29. September 2009 // zwd Dresden (jvo).

Grüne und Linke begrüßen Ernennung von Sabine Irene Freifrau von Schorlemer zur Wissenschaftsministerin

Die Berufung von Sabine Irene Freifrau von Schorlemer an die Spitze des Wissenschaftsministeriums durch Sachsens Ministerpräsidenten Stanislaw Tillich (CDU) ist bei der Opposition auf eine positive Resonanz gestoßen. Den schwarz-gelben Koalitionsvertrag bezeichnete Antje Hermenau, Vorsitzende der Grünen-Fraktion, indes als „Dokumentation verpasster Chancen“.

„Offensichtlich konnte die FDP die CDU von ihrem antiquierten Familienbild nicht befreien“, kommentierte die Fraktions-Chefin der Grünen den Koalitionsvertrag. Bei der Geschlechterpolitik sieht es ihrem Urteil zufolge besonders „dünn“ aus. Die Koalition spreche davon, „darauf hinzuwirken“ den Anteil von Frauen in Führungspositionen zu erhöhen. Sachsen solle zum familienfreundlichsten Bundesland gemacht werden. Dafür müsste man es aber erst einmal zu einem frauenfreundlichen Land machen, so Hermenau.

Hatte sich die schwarz-rote Regierung Sachsens in der vergangenen Legislaturperiode noch klar zum Prinzip des Gender-Mainstreamings bekannt, gibt es in der Koalitionsvereinbarung zwischen CDU und FDP keine Hinweise auf Konzepte zur Frauen- und Gleichstellungspolitik. Die neuen Regierungspartnerinnen belassen es bei der Aussage, für sie sei die Gleichstellung von Mann und Frau „ein wichtiges Anliegen“. Entgeltungleichheit, Frauenarmut oder Maßnahmen zur Bekämpfung von Gewalt gegen Frauen und Mädchen finden im Vertragstext keine Erwähnung.

Nur zwei Frauen im neuen Kabinett
Auch in der Zusammensetzung des neuen Kabinetts kommt die erklärte Absicht der schwarz-gelben Koalition, den Anteil von Frauen in Führungsposition erhöhen zu wollen, nicht zum Ausdruck. Lediglich zwei Frauen sind in dem neunköpfigen Regierungsteam von Ministerpräsident Tillich vertreten. Die Christdemokratin Christine Clauß bleibt Ministerin für Soziales – und somit weiterhin zuständig für die Frauen- und Gleichstellungspolitik im Land. Von Schorlemer (Parteilos), Professorin für internationale Beziehungen an der TU Dresden, tritt die Nachfolge von Wissenschaftsministerin Eva-Maria Stange (SPD) an.
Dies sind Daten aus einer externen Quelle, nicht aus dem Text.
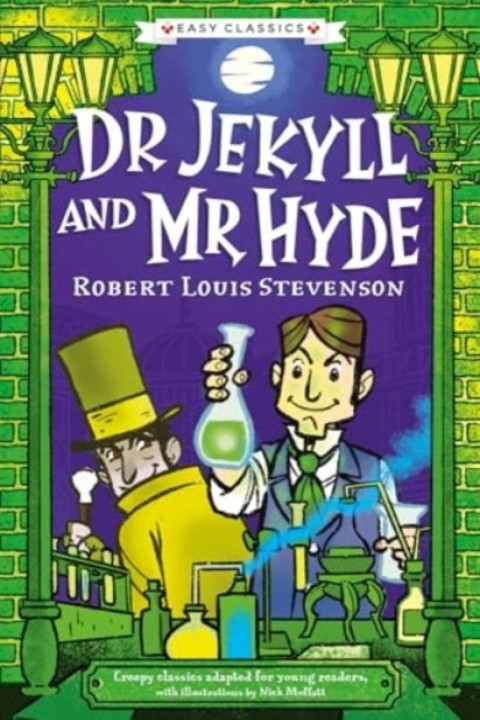 Omslag: Creepy Classics: Dr Jekyll and Mr Hyde Easy Classics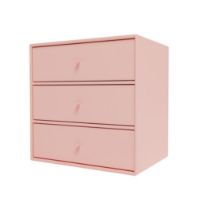 Bild von Montana Mini 1007 Modul mit 3 Schubladen 35x35 cm - 167 Ruby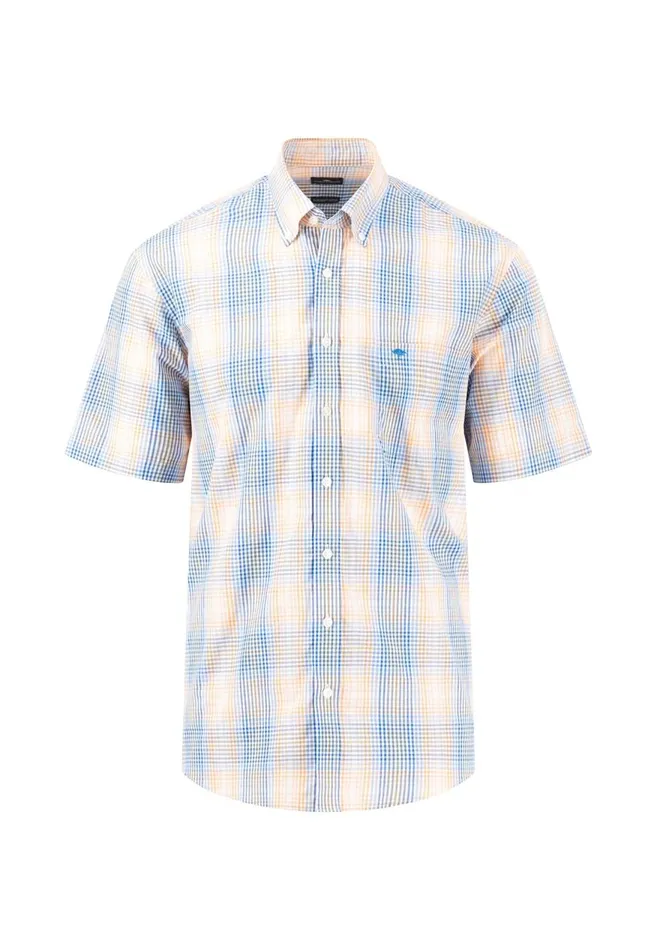 FYNCHHATTON Checked Shirt With Buttondown Collar Papayamidnight Men Sale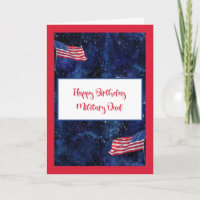 Birthday for Dad in the Military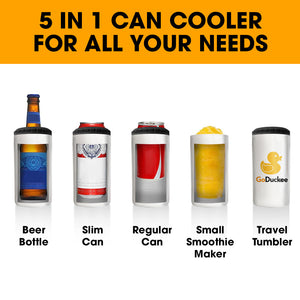 World's Best Dad, Personalized Beer, Dad 4 In 1 Can Cooler Tumbler Gift For Dad 03DNPO130623TM-01 - Can Cooler - GoDuckee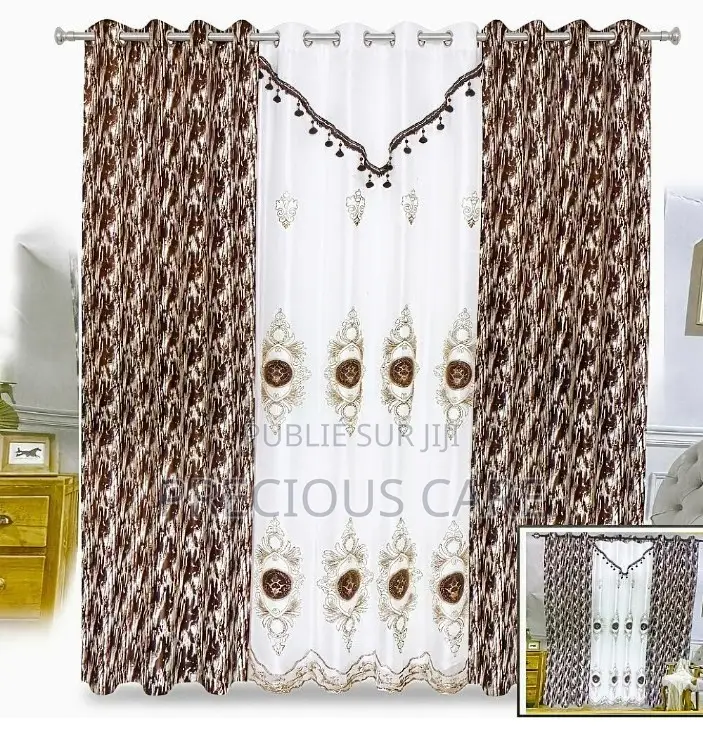 Lot De 3 Rideaux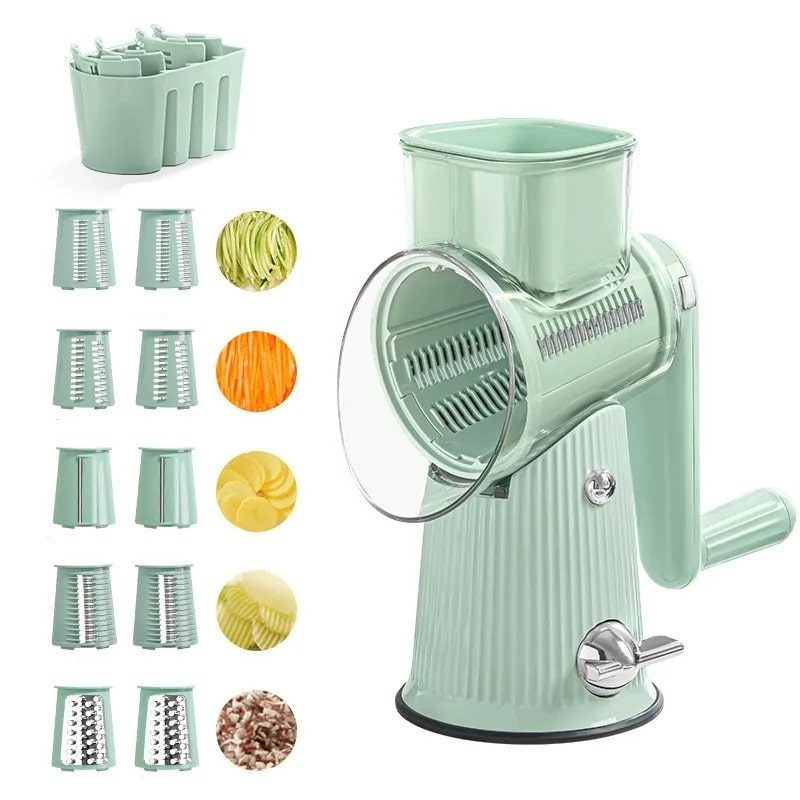 Vue d'ensemble d'un hachoir de cuisine compact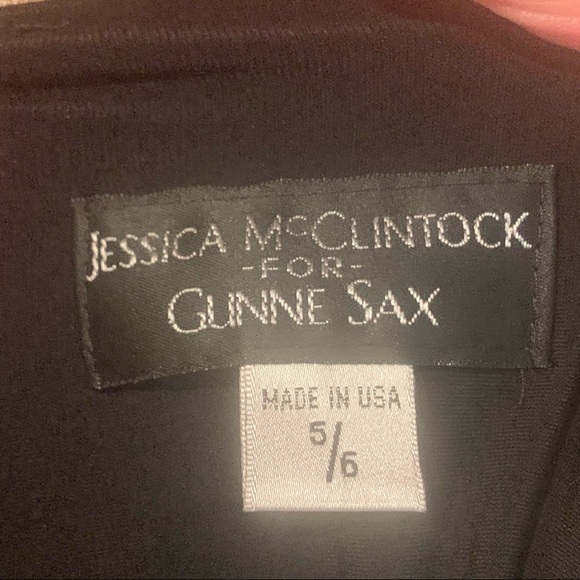 Vintage GUNNE SAX JESSICA MCCLINTOCK Maxi Dress Halter Jersey Black Formal - Picture 3 of 16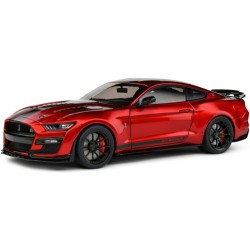 SOL1805914 - 1/18 SHELBY MUSTANG SHELBY GT500KR RED/BLACK STRIPES 2023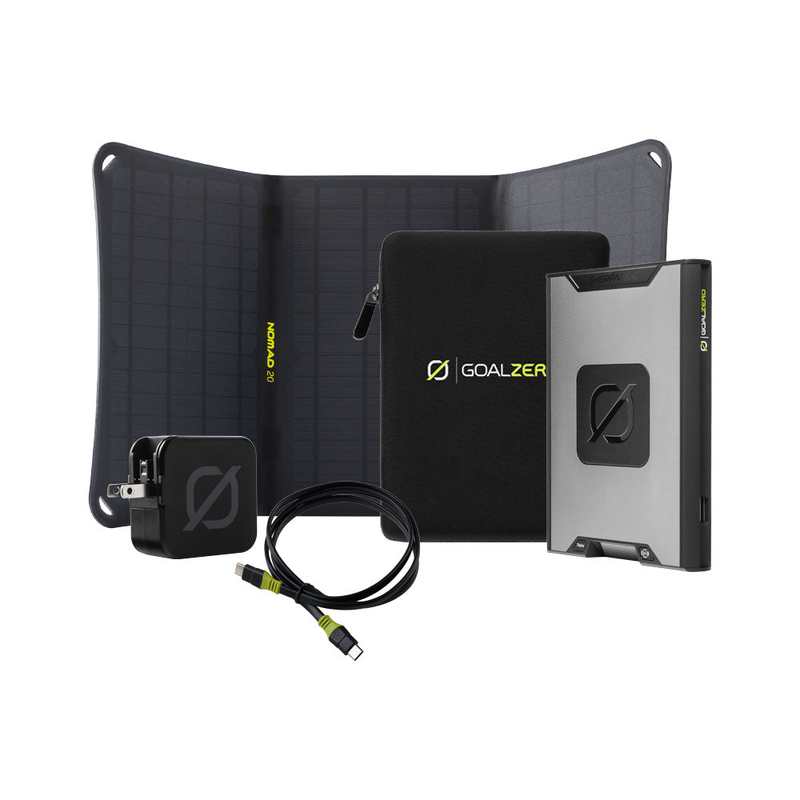 Goal Zero Sherpa 100AC + Nomad 20 Complete Kit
Ein "Lichtblick" im neuen Kabinett
Die Besetzung des Wissenschaftsressorts mit von Schorlemer bezeichnete Heinz Gerstenberg, parlamentarischer Geschäftsführer und Vize-Vorsitzender der Grünen-Fraktion im Sächsischen Landtag, als „einen Lichtblick“ im neuen Kabinett Tillichs. Die Ernennung sei so überraschend wie interessant, sagte Gerstenberg. Er verbinde mir ihr die Hoffnung, dass das Ministerium „in hoher Qualität geführt“ werde.

Der Vorsitzende der Links-Fraktion im sächsischen Landtag, André Hahn, stellt ähnlich hohe Erwartungen an die parteilose Ministerin: „Mit der Berufung von Prof. Sabine Freifrau von Schorlemer dürfen wir auf neues Denken im CDU-bestimmten Personal der Staatsregierung hoffen.“

Expertin für internationale Angelegenheiten und kulturelle Vielfalt
Die parteilose, neu vereidigte Staatsministerin Schorlemer gilt als ausgewiesene Expertin für internationale Angelegenheiten und gehörte 2004 und 2005 zu den Mitgliedern der deutschen Regierungsdelegation in internationalen Vertragsverhandlungen für kulturelle Vielfalt. Zugleich ist sie gewähltes Mitglied der Deutschen UNESCO-Kommission und langjährige Beraterin des Auswärtigen Amtes für Politik der Vereinten Nationen. Ihr gelang es, den weltweit ersten UNESCO-Lehrstuhl für „Internationale Beziehungen“ an die TU Dresden einzuwerben.